**Your assignment:** Copy exactly the lines of the records below, and only those lines, beginning with the line that contains "Download, Commercial Use" and ending with the line that contains "Main Street in".

**Task inputs:**
⟨
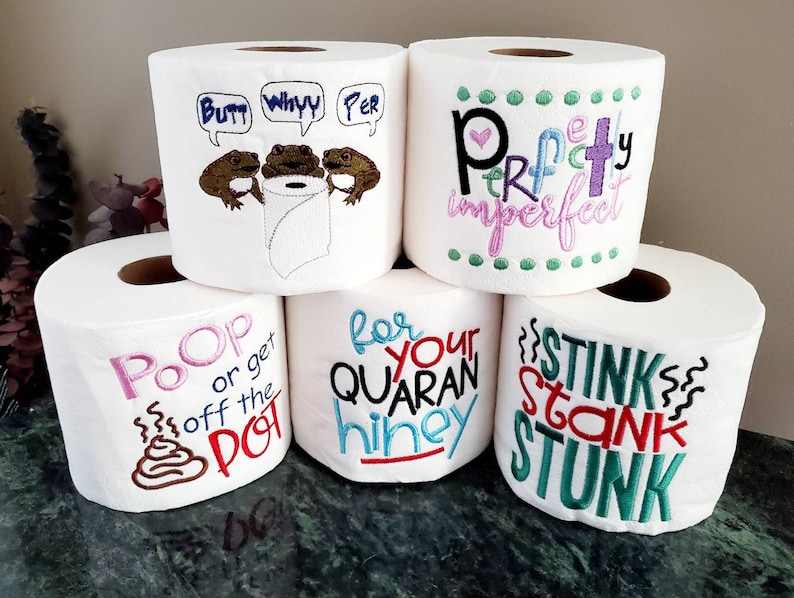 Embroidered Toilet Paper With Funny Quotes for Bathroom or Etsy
⟩
⟨
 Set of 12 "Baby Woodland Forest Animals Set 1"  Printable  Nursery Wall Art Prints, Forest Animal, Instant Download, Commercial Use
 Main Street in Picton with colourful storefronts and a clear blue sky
⟩
**Exercise response:**
 Set of 12 "Baby Woodland Forest Animals Set 1"  Printable  Nursery Wall Art Prints, Forest Animal, Instant Download, Commercial Use
 Main Street in Picton with colourful storefronts and a clear blue sky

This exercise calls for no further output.